If the supposedly unlikable Hillary Clinton didn’t break the highest, hardest glass ceiling in 2016, she made enough cracks in it to encourage others to try again: Six women are competing for the Democratic nomination today. But guess what? We don’t seem to like them either.
As Elizabeth Warren, Kamala Harris, Amy Klobuchar and others jumped into the race, each seemed to affirm the new power of women in 2019, a power that was born when President Trump was sworn into office, exploded during #MeToo and came into its own during the 2018 midterms.

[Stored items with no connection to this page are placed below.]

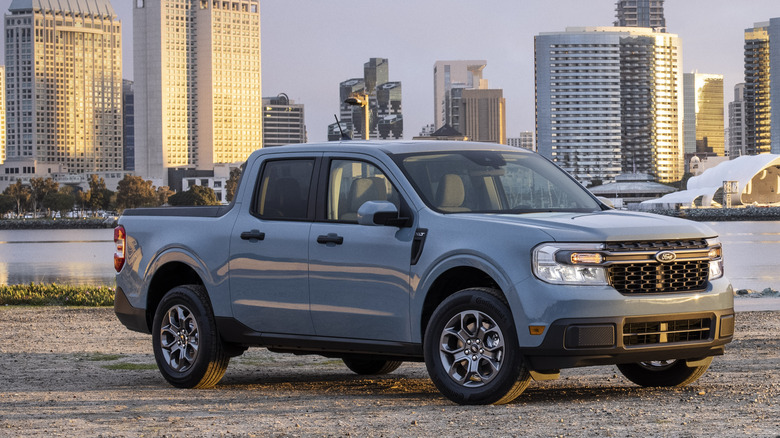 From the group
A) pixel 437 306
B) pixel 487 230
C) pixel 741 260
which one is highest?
pixel 487 230

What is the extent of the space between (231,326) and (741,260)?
54345 mm

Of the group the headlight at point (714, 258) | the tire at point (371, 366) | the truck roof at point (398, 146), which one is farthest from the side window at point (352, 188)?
the tire at point (371, 366)

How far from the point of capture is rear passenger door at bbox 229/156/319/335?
29.2 ft

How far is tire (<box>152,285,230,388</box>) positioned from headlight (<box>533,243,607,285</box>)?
318 centimetres

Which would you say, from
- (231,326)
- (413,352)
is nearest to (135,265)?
(231,326)

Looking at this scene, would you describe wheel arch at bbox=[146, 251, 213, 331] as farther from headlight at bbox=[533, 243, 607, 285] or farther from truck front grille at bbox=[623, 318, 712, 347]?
truck front grille at bbox=[623, 318, 712, 347]

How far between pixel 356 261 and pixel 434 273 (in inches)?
28.8

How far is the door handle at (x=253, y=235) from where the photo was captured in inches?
359

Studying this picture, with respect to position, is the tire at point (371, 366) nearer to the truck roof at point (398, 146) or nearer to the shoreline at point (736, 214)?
the truck roof at point (398, 146)

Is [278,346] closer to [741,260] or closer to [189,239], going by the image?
[189,239]

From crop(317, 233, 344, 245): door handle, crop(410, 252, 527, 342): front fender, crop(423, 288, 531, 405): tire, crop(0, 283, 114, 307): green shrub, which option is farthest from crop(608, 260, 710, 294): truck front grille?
crop(0, 283, 114, 307): green shrub

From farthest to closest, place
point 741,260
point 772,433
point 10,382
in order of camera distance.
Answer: point 741,260, point 10,382, point 772,433

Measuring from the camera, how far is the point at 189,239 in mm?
9789

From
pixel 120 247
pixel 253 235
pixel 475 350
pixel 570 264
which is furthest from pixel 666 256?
pixel 120 247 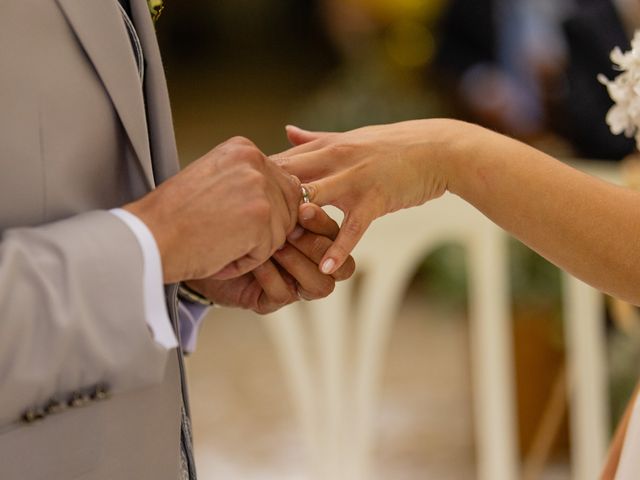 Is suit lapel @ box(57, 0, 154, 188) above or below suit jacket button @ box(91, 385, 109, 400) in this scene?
above

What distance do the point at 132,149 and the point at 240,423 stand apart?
264cm

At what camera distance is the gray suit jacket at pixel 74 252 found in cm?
106

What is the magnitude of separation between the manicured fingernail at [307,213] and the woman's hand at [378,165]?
0.05 m

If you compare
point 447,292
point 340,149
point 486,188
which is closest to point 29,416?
point 340,149

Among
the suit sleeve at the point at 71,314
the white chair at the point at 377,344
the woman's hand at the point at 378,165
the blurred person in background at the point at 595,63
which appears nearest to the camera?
the suit sleeve at the point at 71,314

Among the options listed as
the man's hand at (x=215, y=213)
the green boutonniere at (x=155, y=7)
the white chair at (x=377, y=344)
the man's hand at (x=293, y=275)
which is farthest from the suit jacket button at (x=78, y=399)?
the white chair at (x=377, y=344)

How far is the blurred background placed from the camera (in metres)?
3.38

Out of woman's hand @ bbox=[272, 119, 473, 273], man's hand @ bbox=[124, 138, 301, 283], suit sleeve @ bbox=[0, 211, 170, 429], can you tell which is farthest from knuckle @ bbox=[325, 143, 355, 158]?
suit sleeve @ bbox=[0, 211, 170, 429]

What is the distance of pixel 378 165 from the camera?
5.01 feet

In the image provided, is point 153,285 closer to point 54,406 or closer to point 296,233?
point 54,406

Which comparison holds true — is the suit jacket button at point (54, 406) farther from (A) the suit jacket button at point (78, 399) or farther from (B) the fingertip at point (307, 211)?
(B) the fingertip at point (307, 211)

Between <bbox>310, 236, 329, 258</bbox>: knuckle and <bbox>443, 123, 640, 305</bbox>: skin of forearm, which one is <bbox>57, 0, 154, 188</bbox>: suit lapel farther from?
<bbox>443, 123, 640, 305</bbox>: skin of forearm

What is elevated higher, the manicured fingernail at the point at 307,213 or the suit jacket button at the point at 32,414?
the manicured fingernail at the point at 307,213

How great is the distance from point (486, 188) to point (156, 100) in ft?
1.67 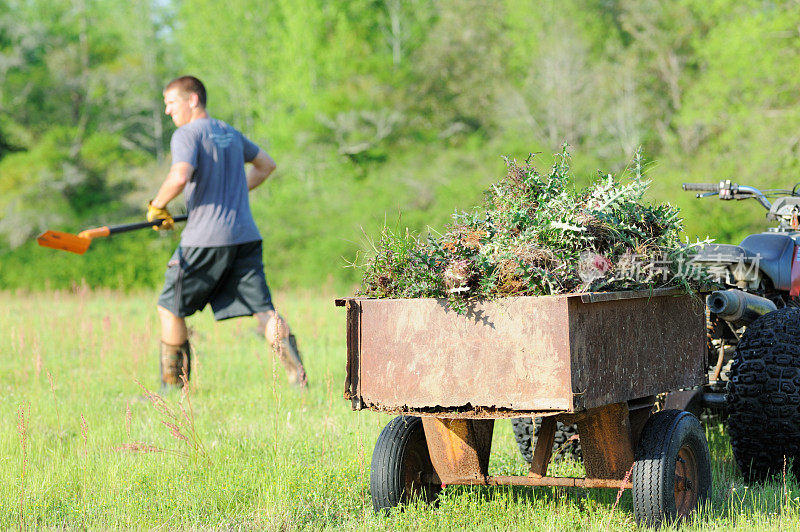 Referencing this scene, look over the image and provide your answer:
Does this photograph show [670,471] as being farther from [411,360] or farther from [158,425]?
[158,425]

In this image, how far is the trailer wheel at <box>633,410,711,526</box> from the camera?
154 inches

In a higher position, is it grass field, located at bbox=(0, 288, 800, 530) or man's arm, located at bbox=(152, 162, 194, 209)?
man's arm, located at bbox=(152, 162, 194, 209)

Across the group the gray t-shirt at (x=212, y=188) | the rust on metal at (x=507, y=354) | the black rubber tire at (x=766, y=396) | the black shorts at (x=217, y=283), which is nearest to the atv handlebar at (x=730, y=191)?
the black rubber tire at (x=766, y=396)

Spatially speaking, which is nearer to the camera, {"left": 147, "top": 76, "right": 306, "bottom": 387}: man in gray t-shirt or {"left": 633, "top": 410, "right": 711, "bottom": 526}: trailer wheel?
{"left": 633, "top": 410, "right": 711, "bottom": 526}: trailer wheel

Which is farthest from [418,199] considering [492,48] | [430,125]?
[492,48]

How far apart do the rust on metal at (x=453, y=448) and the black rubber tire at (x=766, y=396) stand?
1441 millimetres

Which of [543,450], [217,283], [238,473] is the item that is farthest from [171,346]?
[543,450]

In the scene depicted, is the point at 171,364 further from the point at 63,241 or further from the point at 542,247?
the point at 542,247

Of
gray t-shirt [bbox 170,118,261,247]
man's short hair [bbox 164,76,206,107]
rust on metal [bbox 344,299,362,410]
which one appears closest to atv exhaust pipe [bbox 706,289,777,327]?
rust on metal [bbox 344,299,362,410]

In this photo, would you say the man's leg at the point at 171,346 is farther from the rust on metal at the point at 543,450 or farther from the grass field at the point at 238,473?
the rust on metal at the point at 543,450

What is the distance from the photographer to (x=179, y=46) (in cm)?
4250

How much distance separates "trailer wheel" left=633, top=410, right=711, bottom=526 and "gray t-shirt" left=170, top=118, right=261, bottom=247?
3778mm

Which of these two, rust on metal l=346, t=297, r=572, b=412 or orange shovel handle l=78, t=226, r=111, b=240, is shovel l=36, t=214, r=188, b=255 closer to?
orange shovel handle l=78, t=226, r=111, b=240

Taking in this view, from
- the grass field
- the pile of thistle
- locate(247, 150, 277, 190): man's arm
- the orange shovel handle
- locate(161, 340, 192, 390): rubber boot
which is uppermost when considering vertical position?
locate(247, 150, 277, 190): man's arm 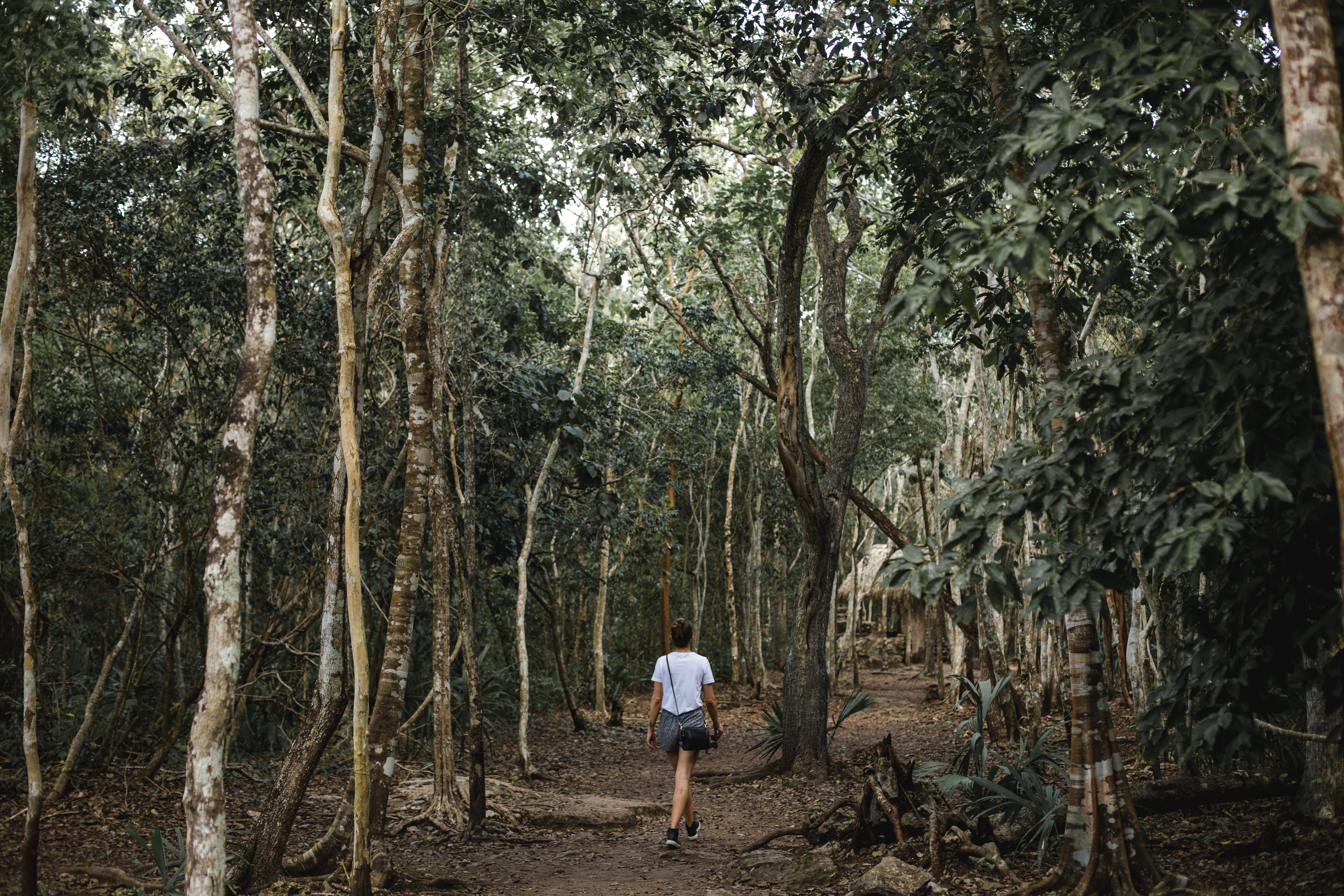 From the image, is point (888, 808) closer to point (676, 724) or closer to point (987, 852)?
point (987, 852)

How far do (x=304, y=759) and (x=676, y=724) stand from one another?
2.77 metres

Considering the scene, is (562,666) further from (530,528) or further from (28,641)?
(28,641)

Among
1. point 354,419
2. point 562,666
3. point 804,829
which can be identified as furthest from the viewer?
point 562,666

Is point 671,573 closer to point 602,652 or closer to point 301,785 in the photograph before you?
point 602,652

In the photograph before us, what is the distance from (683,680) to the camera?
275 inches

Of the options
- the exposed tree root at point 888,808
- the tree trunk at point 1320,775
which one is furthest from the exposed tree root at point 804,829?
the tree trunk at point 1320,775

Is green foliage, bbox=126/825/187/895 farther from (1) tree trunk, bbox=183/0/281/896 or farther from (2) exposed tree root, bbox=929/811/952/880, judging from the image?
(2) exposed tree root, bbox=929/811/952/880

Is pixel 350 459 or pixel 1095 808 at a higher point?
pixel 350 459

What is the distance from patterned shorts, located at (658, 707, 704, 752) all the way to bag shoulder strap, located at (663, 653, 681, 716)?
4 cm

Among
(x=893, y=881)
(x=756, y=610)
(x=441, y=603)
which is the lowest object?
(x=893, y=881)

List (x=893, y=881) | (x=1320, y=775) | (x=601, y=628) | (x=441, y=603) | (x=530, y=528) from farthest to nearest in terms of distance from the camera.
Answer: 1. (x=601, y=628)
2. (x=530, y=528)
3. (x=441, y=603)
4. (x=1320, y=775)
5. (x=893, y=881)

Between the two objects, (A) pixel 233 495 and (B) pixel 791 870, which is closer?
(A) pixel 233 495

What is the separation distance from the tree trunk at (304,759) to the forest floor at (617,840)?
0.71ft

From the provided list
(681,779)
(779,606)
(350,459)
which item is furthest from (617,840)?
(779,606) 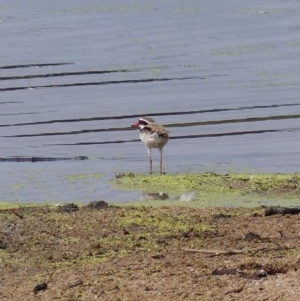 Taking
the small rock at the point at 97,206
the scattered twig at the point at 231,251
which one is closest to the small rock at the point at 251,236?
the scattered twig at the point at 231,251

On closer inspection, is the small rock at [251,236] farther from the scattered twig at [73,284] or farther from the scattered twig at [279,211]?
the scattered twig at [73,284]

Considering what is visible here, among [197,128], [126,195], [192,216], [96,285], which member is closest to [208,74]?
[197,128]

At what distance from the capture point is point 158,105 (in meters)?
19.8

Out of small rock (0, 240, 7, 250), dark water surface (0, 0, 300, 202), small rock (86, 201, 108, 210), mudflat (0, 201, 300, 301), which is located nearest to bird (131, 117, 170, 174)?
dark water surface (0, 0, 300, 202)

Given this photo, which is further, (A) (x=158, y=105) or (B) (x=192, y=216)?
(A) (x=158, y=105)

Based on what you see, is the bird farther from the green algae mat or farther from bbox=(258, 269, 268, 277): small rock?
bbox=(258, 269, 268, 277): small rock

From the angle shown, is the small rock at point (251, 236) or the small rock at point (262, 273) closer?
the small rock at point (262, 273)

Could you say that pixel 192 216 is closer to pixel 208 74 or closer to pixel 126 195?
pixel 126 195

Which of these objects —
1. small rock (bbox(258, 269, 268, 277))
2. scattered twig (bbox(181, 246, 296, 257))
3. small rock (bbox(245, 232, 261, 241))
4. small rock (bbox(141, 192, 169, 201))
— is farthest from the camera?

But no female candidate has yet led the polls. The men keep joining — Michael Bennet this week, Joe Biden the last — and keep garnering glowing press coverage. Although Mr. Biden fumbled two previous presidential bids, we are told he has “crossover appeal”; Bernie Sanders has been admired by this newspaper as “immune to intimidation”; and Pete Buttigieg, who would be the first openly gay man nominated for president, is “very authentic.” By contrast Ms. Harris is “hard to define”; Ms. Klobuchar is “mean”; and Ms. Warren is a “wonky professor” who — you guessed it — is “not likable enough.” Seeing comments like this, Mrs. Clinton said wryly in January, “really takes me back.”
Likability: It is nebulous, arbitrary and meaningless, yet inescapable — and female politicians seem to be particularly burdened with it even when they win and especially when they run for president.